Citation: Steenwyk JL, Goltz DC, Buida TJ III, Li Y, Shen X-X, Rokas A (2022) OrthoSNAP: A tree splitting and pruning algorithm for retrieving single-copy orthologs from gene family trees. PLoS Biol 20(10): e3001827. https://doi.org/10.1371/journal.pbio.3001827 Academic Editor: Andreas Hejnol, University of Bergen, NORWAY Received: November 4, 2021; Accepted: September 13, 2022; Published: October 13, 2022 Copyright: © 2022 Steenwyk et al. This is an open access article distributed under the terms of the Creative Commons Attribution License, which permits unrestricted use, distribution, and reproduction in any medium, provided the original author and source are credited. Data Availability: All results and data presented in this study are available from figshare (doi: 10.6084/m9.figshare.16875904).

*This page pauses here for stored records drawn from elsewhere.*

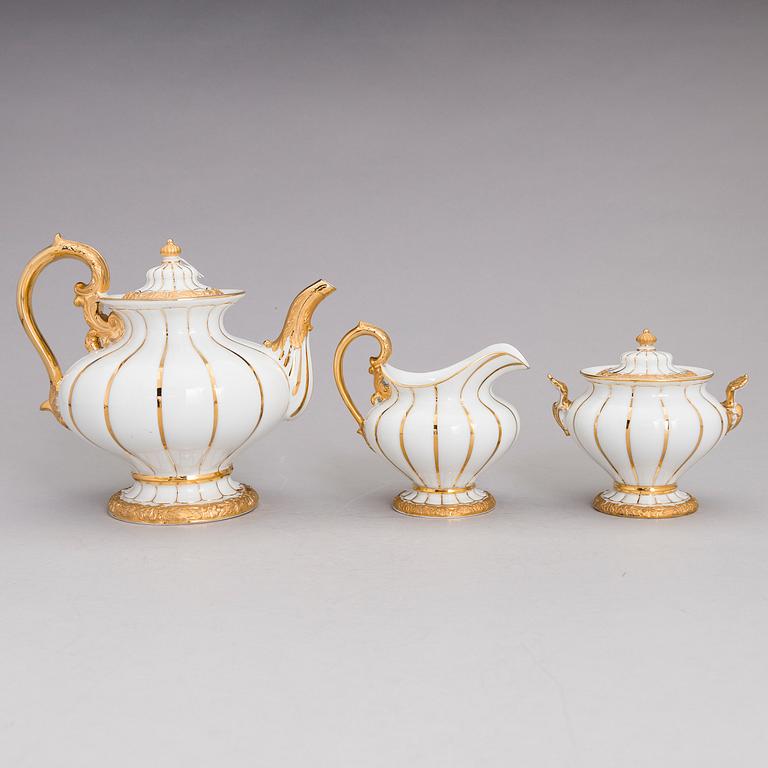 A 9-piece Meissen porcelain Tea set, Germany 20th century.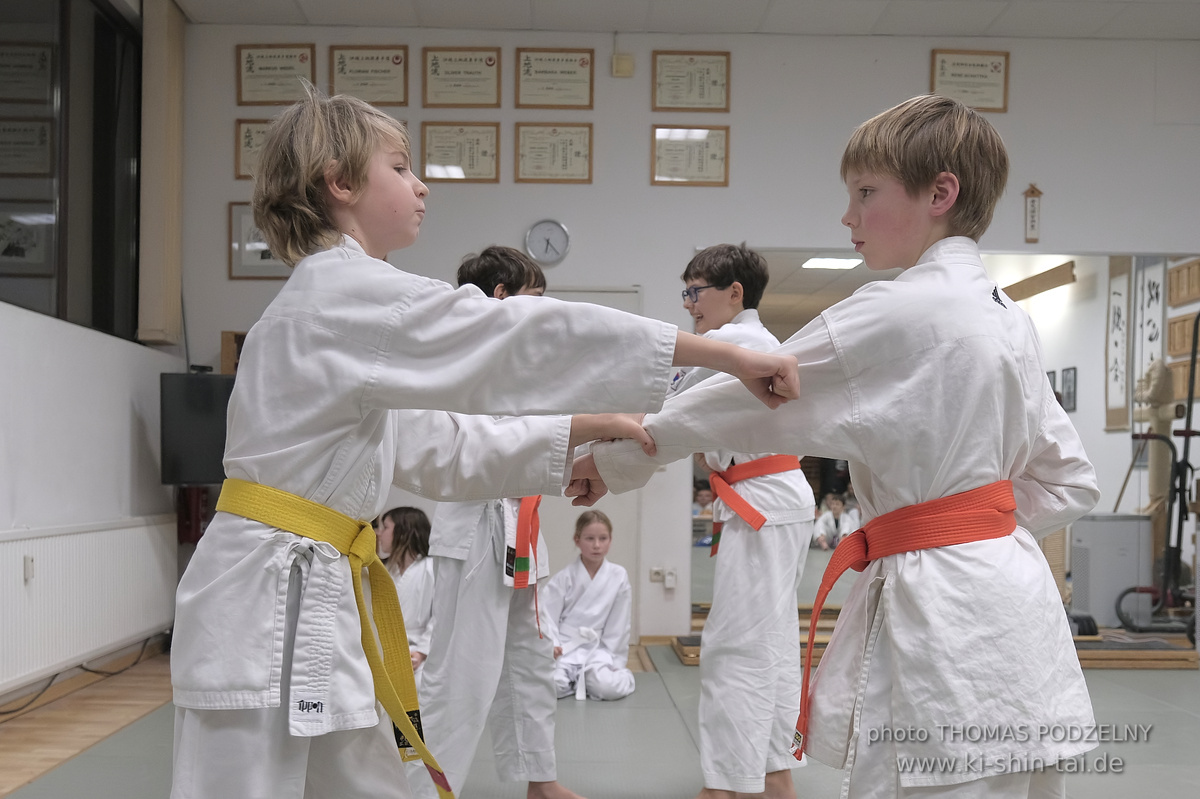 Weihnachtsfeier und Vorführungen der Budo-, Aikido- und Karate-Kids am 13.12.2024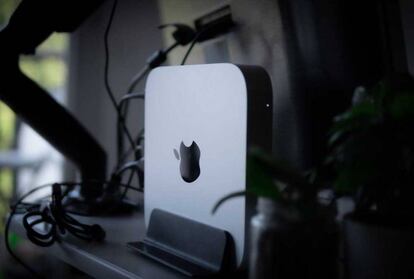 Lateral Mac mini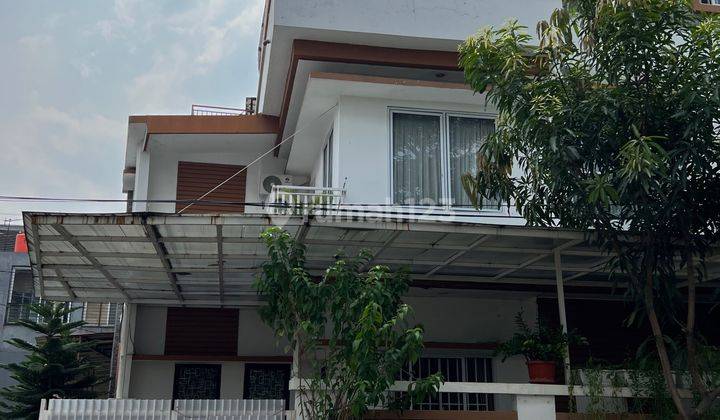 RUMAH HOEK HADAP TAMAN KOMPLEK+GAZEBO DI CITRA 2 EXT JAKARTA BARAT 1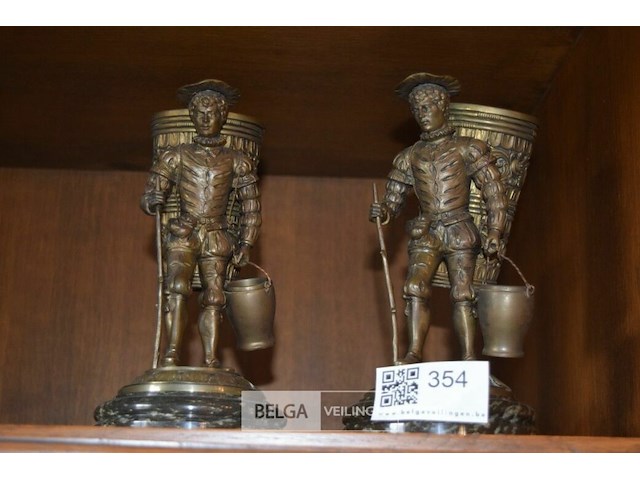 2 bronzen beeldjes op marmeren sokkeltje - afbeelding 1 van  3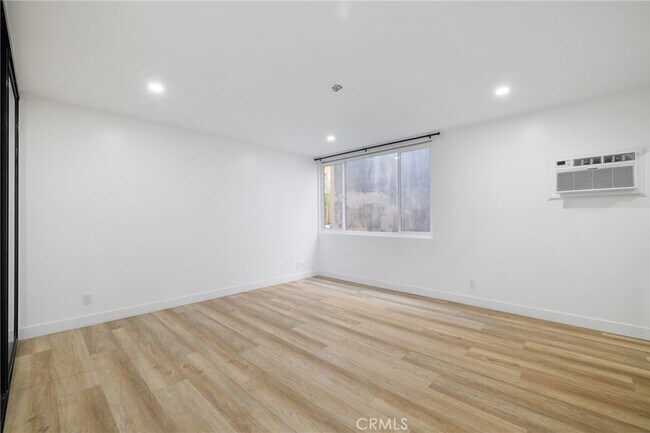 Building Photo - 17000 Burbank Blvd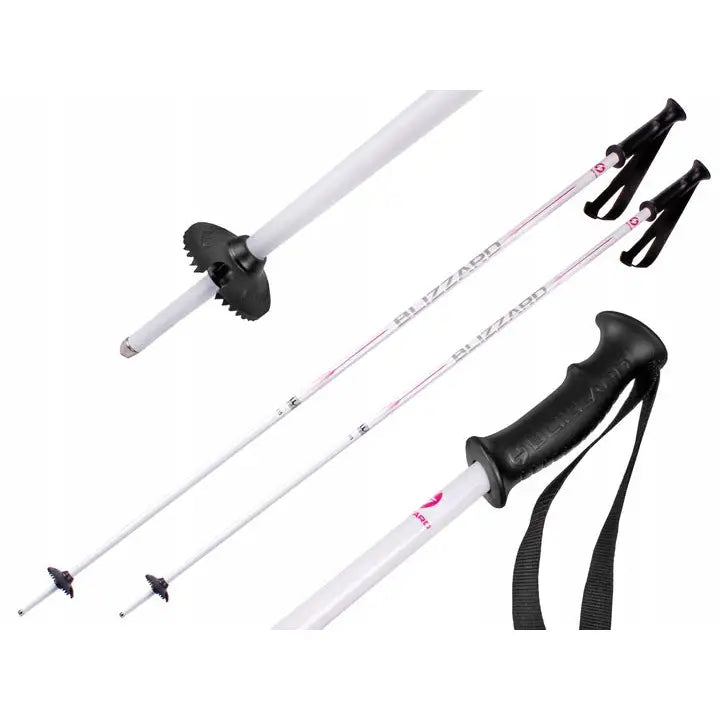 Hvite aluminiumsskistaver med sorte ergonomiske håndtak, håndstropp og store trinser, nærbilde av grepet.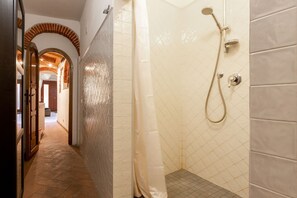 Een douche, een haardroger, een bidet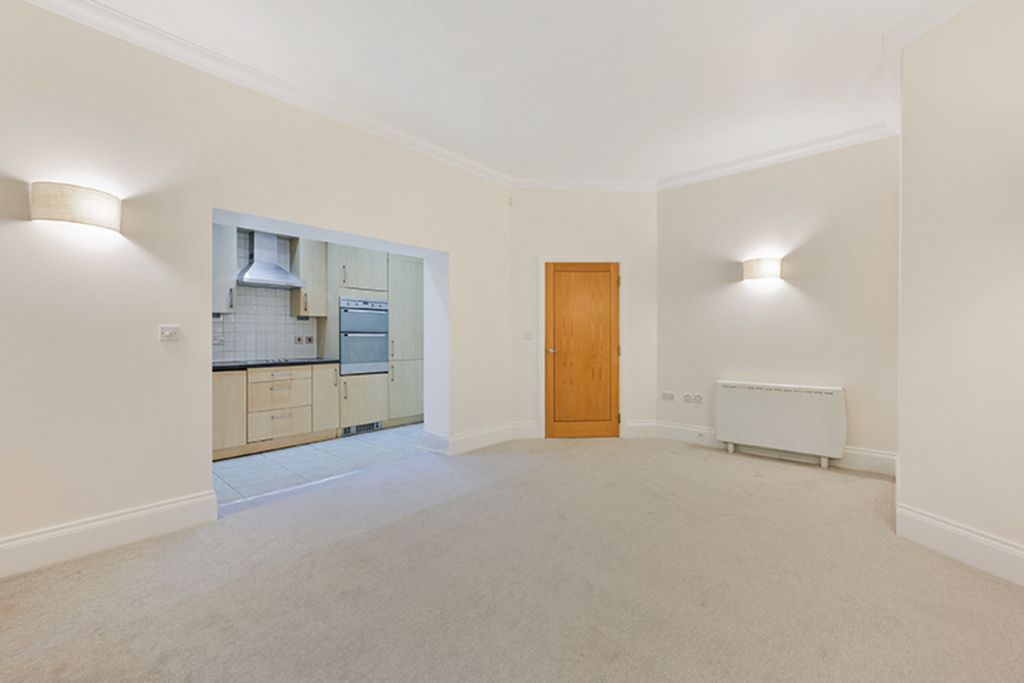Additional image 7 of 2 bed flat for saleElizabeth Drive, Banstead SM7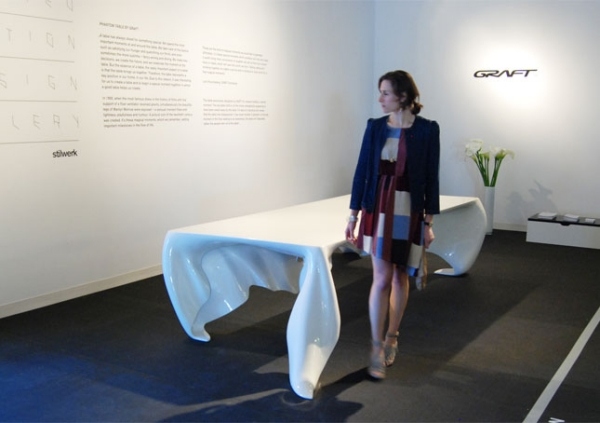 glossy-service-phantom-table-exhibition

Funding: J.L.S. and A.R. were funded by the Howard Hughes Medical Institute through the James H. Gilliam Fellowships for Advanced Study program. Research in A.R.’s lab is supported by grants from the National Science Foundation (DEB-2110404), the National Institutes of Health/National Institute of Allergy and Infectious Diseases (R56 AI146096 and R01 AI153356), and the Burroughs Wellcome Fund. The funders had no role in study design, data collection and analysis, decision to publish, or preparation of the manuscript. Competing interests: I have read the journal’s policy and the authors of this manuscript have the following competing interests: Antonis Rokas is a scientific consultant for LifeMine Therapeutics, Inc. Jacob L. Steenwyk is a scientific consultant for Latch AI Inc.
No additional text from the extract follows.